Radical Activism: Love Thyself
By: Summer Damra

“People say things

Meant to rip you in half

But you hold the power to not

Turn their words into a knife

And cut yourself

-Rupi Kaur"

It’s hard not to react to the ongoing events of the world, especially when they reaffirm everything

“wrong” with humanity. With every swipe on our phones and click on our computers, there always seems

to be a story about the Trump administration, extreme hate crimes, terrorism, and natural disasters. We all

need to turn it off.

Yes, you heard me.

Turn it off. Block all of it: Facebook, news subscriptions, useless websites that go on and on about

negative events. Don’t feel guilty about doing it, either. A lot of social justice movements and activists try

to shame their followers for not “caring enough” about issues concerning their communities, if they

decided to take a step back or drop out completely. This shame stems from the organizer’s own

insecurities and attempts to cultivate fear within their followers to make them push forward with the

movement. In all honestly, if you developed an unhealthy mindset about the world and yourself, the only

movement you need to push for is the movement toward caring about what you’re feeding your mind and

body.

Drawing from my own personal experiences, some Palestinian activists I’ve met in my life, tried to

invalidate my ancestral connection to Palestine, because I decided to no longer be an “active” advocate of

the issues of my homeland. To be told that I am not a real Palestinian because I didn’t “care enough”

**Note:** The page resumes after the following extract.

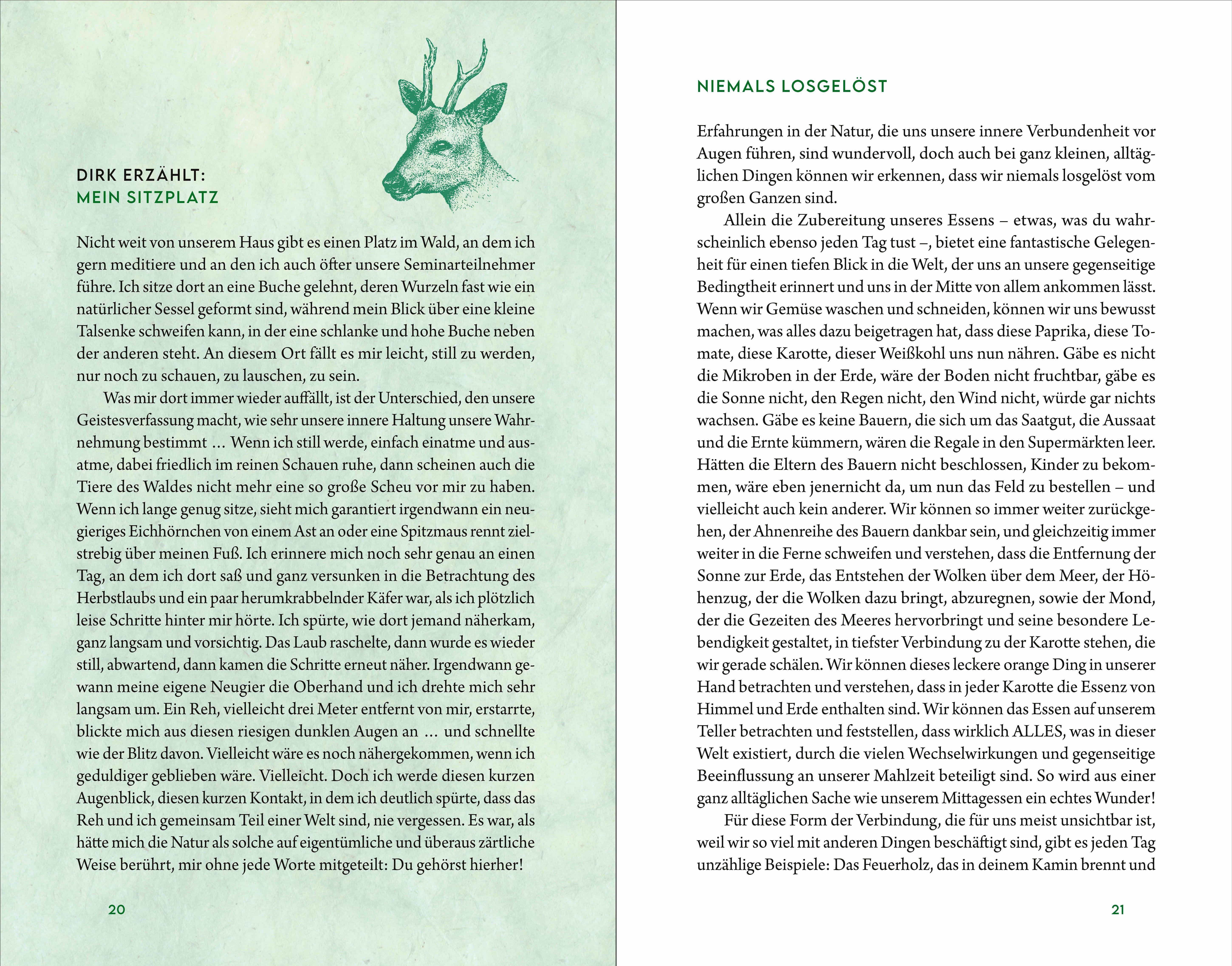 Beispielinhalt (Bild) Kraftort Natur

really hurted me. It took me years to understand that I am not the problem; It’s the rampant amount of

judgement and shaming we all project unto each other, because we are insecure about not being enough of

whatever we are culturally, ethnically, and racially. Communities of color, unintentionally, break down

their own communities when they judge themselves and their members for not reaching an arbitrary

criteria of “caring enough” about a certain issue that affects them.

The root of this judgement is when we value the physical form of activism-the protesting, angry debates,

petitions, policy work, and club meetings. When other people do not value what we value, we tend to

judge them for not being like “us.” This is not fair to each other and, most importantly, to ourselves. We

all want to feel loved and belonged, whether that be with our families or complete strangers. But, feeling

that sense of love and belonging is rarely expressed with the most physical forms of radical activism. In

all honestly, this sense of love and belonging cannot be cultivated at a march or in a fierce debate. It’s

cultivated within ourselves and with each other.